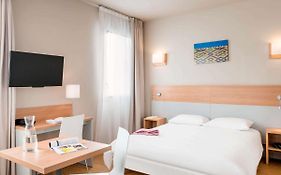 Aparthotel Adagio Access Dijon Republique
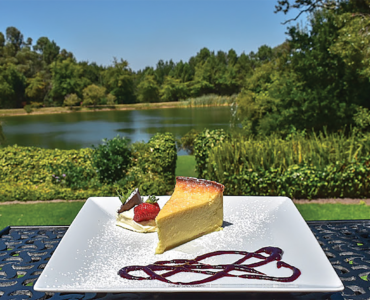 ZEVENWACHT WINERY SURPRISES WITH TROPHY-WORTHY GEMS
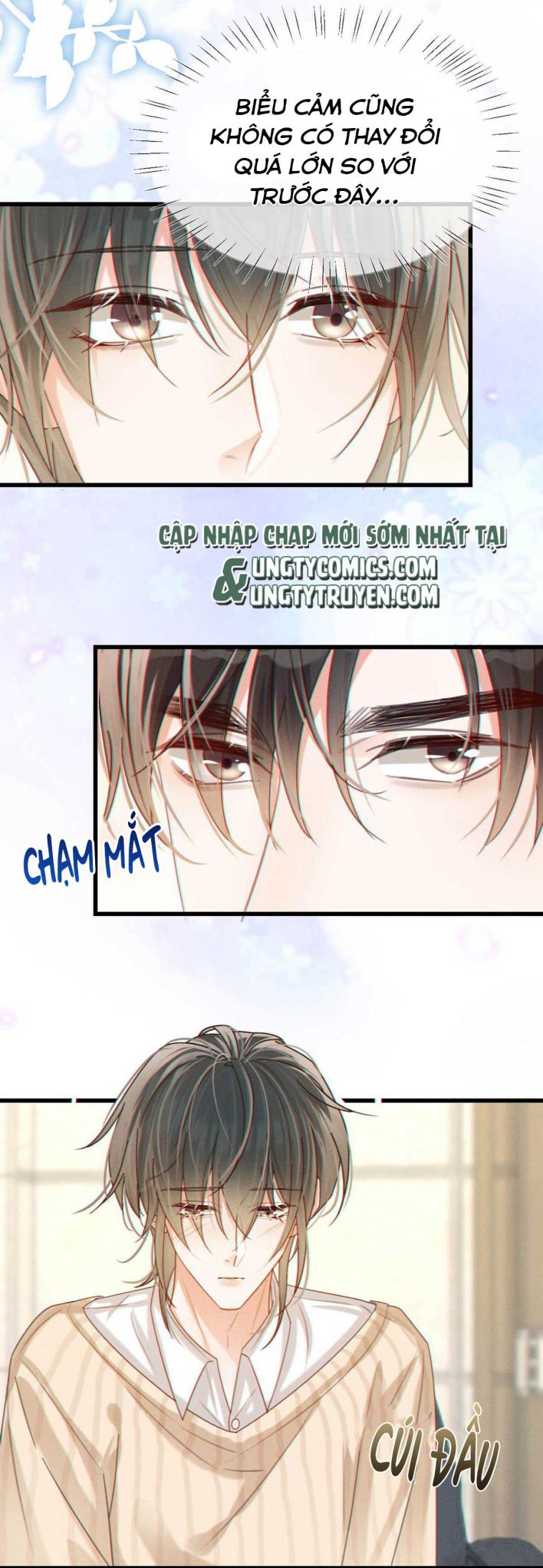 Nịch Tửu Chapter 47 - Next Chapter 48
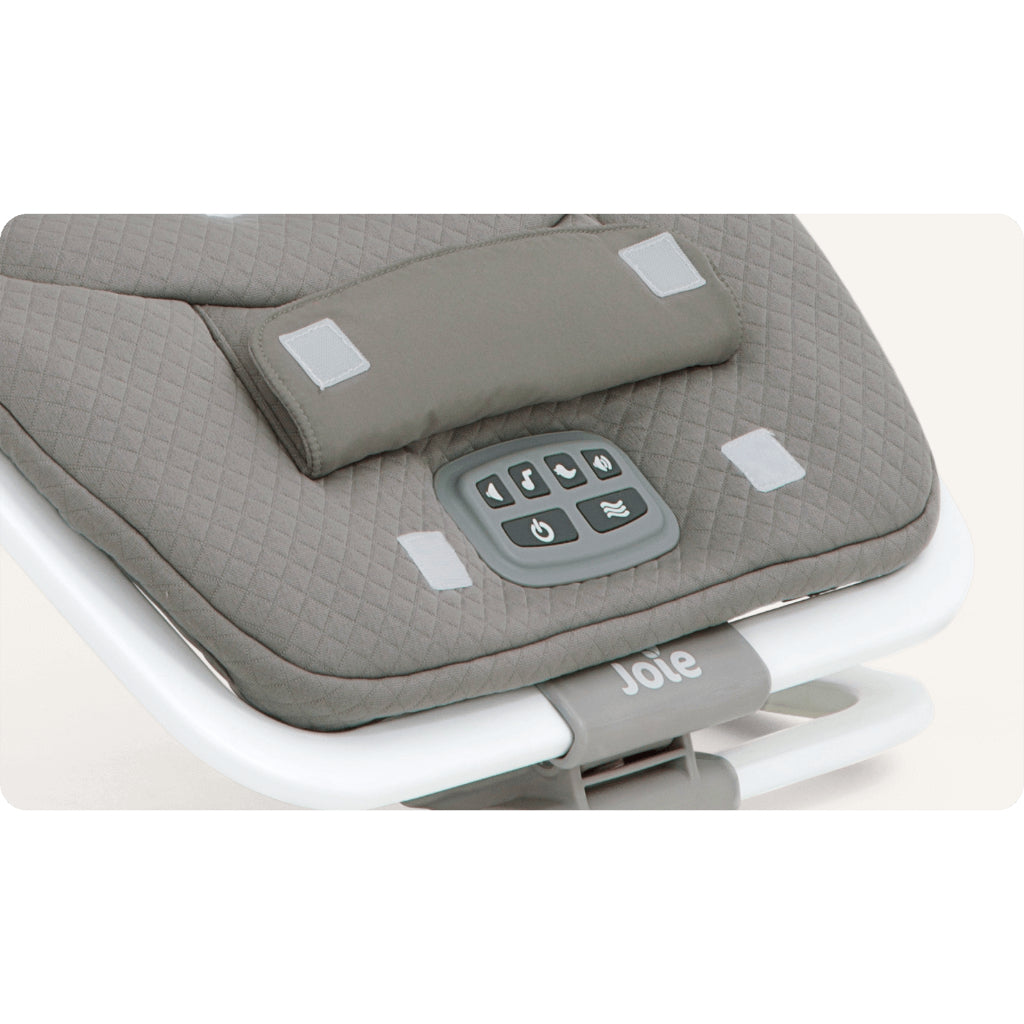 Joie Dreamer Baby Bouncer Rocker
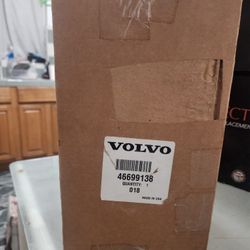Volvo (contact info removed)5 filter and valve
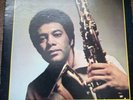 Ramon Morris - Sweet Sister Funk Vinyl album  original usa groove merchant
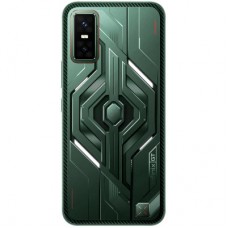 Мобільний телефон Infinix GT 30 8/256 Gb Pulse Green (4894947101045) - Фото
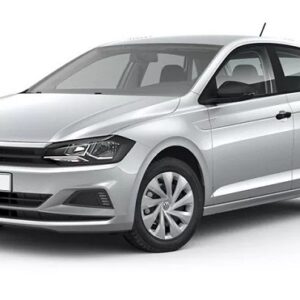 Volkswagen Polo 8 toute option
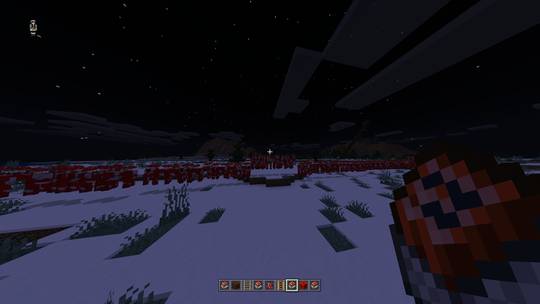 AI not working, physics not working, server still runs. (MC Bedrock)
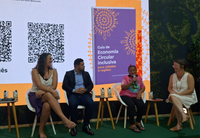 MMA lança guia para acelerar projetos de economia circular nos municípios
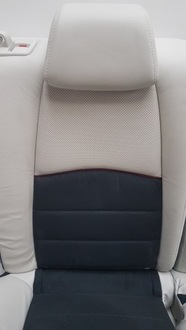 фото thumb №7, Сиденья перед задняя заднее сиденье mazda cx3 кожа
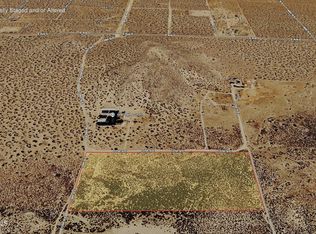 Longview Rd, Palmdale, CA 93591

***

**About this exercise**:
Pictures are not part of the answer. Restate word for word the lines from the one with "Nịch Tửu Chapter 47 - Next Chapter 48" through the last line of the records.

**Exercise solution**:
 Nịch Tửu Chapter 47 - Next Chapter 48
 Joie Dreamer Baby Bouncer Rocker
Volvo (contact info removed)5 filter and valve
 Ramon Morris - Sweet Sister Funk Vinyl album  original usa groove merchant
 Мобільний телефон Infinix GT 30 8/256 Gb Pulse Green (4894947101045) - Фото
 Volkswagen Polo 8 toute option
 AI not working, physics not working, server still runs. (MC Bedrock)
 MMA lança guia para acelerar projetos de economia circular nos municípios
 фото thumb №7, Сиденья перед задняя заднее сиденье mazda cx3 кожа
 Longview Rd, Palmdale, CA 93591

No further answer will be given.